Blisters develop at birth or during the neonatal period and affect all the body as well as the oral and gastrointestinal mucosa. Healing of lesions occurs with retracting scars or milia. Excessive scarring can lead to adhesion of fingers and toes resulting to pseudosyndactyly, and to joint contractures that further cause disabling hand and foot deformities (''mitten deformities''). Scarring alopecia of the scalp and permanent loss of nail plates are also observed. Eye involvement is frequent and includes blepharitis, loss of eyelashes, ectropion, symblepharon, and corneal blisters that can lead to loss of vision. In the oral cavity, fusion of the tongue to the mouth floor (ankyloglossia), obliteration of the oral vestibules and progressive restriction of oral aperture (microstomia) cause difficulties in chewing and swallowing. Dental caries are numerous. Esophageal stricture is frequent and result in severe dysphagia.

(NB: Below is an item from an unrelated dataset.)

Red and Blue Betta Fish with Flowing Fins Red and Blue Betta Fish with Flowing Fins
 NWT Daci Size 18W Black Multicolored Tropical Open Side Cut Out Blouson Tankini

Anal and perianal erosions cause major pain during defecation and therefore self-induced constipation. Oral, esophageal, and anal involvement induce a state of chronic malnutrition which contributes to growth retardation typical of the disease, delayed puberty, osteopenia and osteoporosis. Refractory anemia, iron deficiency and hypoalbuminemia are also observed. Nearly all patients develop at least one aggressive squamous cell carcinoma (SCC; see this term), more often during the third-fourth decade of life.

Etiology

The disease is caused by null mutations within the type VII collagen gene (COL7A1) that usually lead to a lack of functional collagen VII, the main constituent of anchoring fibrils that anchor the basement membrane to the dermis.

Diagnostic methods

Diagnosis is suspected at clinical examination and is confirmed by immunofluorescence antigen mapping and/or transmission electron microscopy on skin samples showing a cleavage plane located below the lamina densa of the cutaneous basement membrane zone. Genetic testing confirms the diagnosis.

Differential diagnosis

The differential diagnosis includes other forms of EB. In the neonatal period also herpes simplex infection, congenital erosive and vesicular dermatosis, epidermolytic ichthyosis, bullous pemphigoid, neonatal pemphigus and pemphigoid gestationis, and staphylococcal scalded skin syndrome (see these terms) may need to be considered.

Antenatal diagnosis

DNA-based prenatal diagnosis is possible for at risk pregnancies.

Genetic counseling

Transmission is autosomal recessive.

Management and treatment

Protective padding of the skin reduces the blistering and careful wound care helps in preventing secondary infections. Hand and foot deformities can be treated by surgery. Due to recurrence, regular physiotherapy is necessary to maintain intraoperative results, but additional treatments are always required. Follow-up by a dietitian is essential and gastrostomy feeding may be necessary in patients unable to maintain adequate nutrition. Esophageal strictures are treated by balloon dilatation with fluoroscopic guidance. Transfusions, iron supplementation, and erythropoietin administration improve anemia and iron deficiency. A regular follow-up is necessary for the surveillance of SCC, whose treatment is surgical.

Prognosis

Life expectancy is significantly reduced, mostly due to the development of aggressive SCC with frequent metastases. Mortality from metastatic SCC within five years of the time of diagnosis of the first SCC is of 87% by age 45. Other complications that affect the prognosis include chronic renal failure, and more rarely, dilated cardiomyopathy.